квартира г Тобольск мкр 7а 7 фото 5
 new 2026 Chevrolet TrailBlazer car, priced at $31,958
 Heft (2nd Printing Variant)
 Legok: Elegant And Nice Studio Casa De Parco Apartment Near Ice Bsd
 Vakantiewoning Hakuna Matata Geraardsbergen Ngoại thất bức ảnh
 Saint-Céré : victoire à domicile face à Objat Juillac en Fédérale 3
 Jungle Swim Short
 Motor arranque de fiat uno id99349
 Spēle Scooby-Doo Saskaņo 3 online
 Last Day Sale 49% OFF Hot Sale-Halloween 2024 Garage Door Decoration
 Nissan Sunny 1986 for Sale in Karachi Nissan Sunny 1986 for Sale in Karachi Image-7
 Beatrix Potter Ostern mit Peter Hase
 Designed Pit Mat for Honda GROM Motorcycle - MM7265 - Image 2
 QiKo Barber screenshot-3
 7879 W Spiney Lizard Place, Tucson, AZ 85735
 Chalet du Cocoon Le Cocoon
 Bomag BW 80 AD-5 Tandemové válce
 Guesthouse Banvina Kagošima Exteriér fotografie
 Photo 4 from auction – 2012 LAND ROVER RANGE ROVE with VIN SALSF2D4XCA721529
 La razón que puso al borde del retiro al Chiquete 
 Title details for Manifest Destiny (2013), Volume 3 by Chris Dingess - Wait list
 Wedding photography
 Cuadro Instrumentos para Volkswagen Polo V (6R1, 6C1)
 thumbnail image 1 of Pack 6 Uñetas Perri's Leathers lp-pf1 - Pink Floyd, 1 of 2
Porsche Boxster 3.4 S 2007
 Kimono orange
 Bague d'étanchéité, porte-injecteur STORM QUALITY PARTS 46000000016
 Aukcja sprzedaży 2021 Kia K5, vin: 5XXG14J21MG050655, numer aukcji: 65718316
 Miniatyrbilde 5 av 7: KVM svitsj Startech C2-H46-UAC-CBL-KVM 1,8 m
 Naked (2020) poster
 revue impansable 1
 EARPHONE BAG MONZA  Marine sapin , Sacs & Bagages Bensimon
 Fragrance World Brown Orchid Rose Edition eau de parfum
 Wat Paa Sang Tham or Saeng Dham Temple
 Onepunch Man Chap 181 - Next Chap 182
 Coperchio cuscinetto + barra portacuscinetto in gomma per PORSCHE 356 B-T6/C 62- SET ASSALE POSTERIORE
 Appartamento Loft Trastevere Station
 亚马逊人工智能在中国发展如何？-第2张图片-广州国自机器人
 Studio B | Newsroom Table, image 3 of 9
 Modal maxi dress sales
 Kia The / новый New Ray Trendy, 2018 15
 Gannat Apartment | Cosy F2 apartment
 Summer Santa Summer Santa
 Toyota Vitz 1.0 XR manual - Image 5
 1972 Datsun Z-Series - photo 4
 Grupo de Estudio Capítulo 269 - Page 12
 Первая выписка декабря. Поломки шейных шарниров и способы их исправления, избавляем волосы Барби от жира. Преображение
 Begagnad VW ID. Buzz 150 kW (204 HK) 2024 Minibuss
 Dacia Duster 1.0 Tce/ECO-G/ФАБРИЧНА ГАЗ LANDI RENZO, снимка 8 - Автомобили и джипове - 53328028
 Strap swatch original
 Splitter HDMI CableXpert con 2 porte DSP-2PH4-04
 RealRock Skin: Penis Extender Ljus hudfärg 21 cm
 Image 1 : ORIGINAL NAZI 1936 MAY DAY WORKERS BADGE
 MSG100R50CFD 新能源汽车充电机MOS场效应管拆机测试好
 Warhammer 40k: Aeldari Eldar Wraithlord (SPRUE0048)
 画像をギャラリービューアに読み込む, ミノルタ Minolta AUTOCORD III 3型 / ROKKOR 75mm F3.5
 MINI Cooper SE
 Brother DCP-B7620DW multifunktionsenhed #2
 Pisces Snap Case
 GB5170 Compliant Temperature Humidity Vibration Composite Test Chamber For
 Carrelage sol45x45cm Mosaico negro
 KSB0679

Task instructions
Nothing beyond the lines from the start of the entries through the line with "Kia The / новый New Ray Trendy, 2018 15" should appear. Repeat those lines exactly, both ends included.

Output for this task
квартира г Тобольск мкр 7а 7 фото 5
 new 2026 Chevrolet TrailBlazer car, priced at $31,958
 Heft (2nd Printing Variant)
 Legok: Elegant And Nice Studio Casa De Parco Apartment Near Ice Bsd
 Vakantiewoning Hakuna Matata Geraardsbergen Ngoại thất bức ảnh
 Saint-Céré : victoire à domicile face à Objat Juillac en Fédérale 3
 Jungle Swim Short
 Motor arranque de fiat uno id99349
 Spēle Scooby-Doo Saskaņo 3 online
 Last Day Sale 49% OFF Hot Sale-Halloween 2024 Garage Door Decoration
 Nissan Sunny 1986 for Sale in Karachi Nissan Sunny 1986 for Sale in Karachi Image-7
 Beatrix Potter Ostern mit Peter Hase
 Designed Pit Mat for Honda GROM Motorcycle - MM7265 - Image 2
 QiKo Barber screenshot-3
 7879 W Spiney Lizard Place, Tucson, AZ 85735
 Chalet du Cocoon Le Cocoon
 Bomag BW 80 AD-5 Tandemové válce
 Guesthouse Banvina Kagošima Exteriér fotografie
 Photo 4 from auction – 2012 LAND ROVER RANGE ROVE with VIN SALSF2D4XCA721529
 La razón que puso al borde del retiro al Chiquete 
 Title details for Manifest Destiny (2013), Volume 3 by Chris Dingess - Wait list
 Wedding photography
 Cuadro Instrumentos para Volkswagen Polo V (6R1, 6C1)
 thumbnail image 1 of Pack 6 Uñetas Perri's Leathers lp-pf1 - Pink Floyd, 1 of 2
Porsche Boxster 3.4 S 2007
 Kimono orange
 Bague d'étanchéité, porte-injecteur STORM QUALITY PARTS 46000000016
 Aukcja sprzedaży 2021 Kia K5, vin: 5XXG14J21MG050655, numer aukcji: 65718316
 Miniatyrbilde 5 av 7: KVM svitsj Startech C2-H46-UAC-CBL-KVM 1,8 m
 Naked (2020) poster
 revue impansable 1
 EARPHONE BAG MONZA  Marine sapin , Sacs & Bagages Bensimon
 Fragrance World Brown Orchid Rose Edition eau de parfum
 Wat Paa Sang Tham or Saeng Dham Temple
 Onepunch Man Chap 181 - Next Chap 182
 Coperchio cuscinetto + barra portacuscinetto in gomma per PORSCHE 356 B-T6/C 62- SET ASSALE POSTERIORE
 Appartamento Loft Trastevere Station
 亚马逊人工智能在中国发展如何？-第2张图片-广州国自机器人
 Studio B | Newsroom Table, image 3 of 9
 Modal maxi dress sales
 Kia The / новый New Ray Trendy, 2018 15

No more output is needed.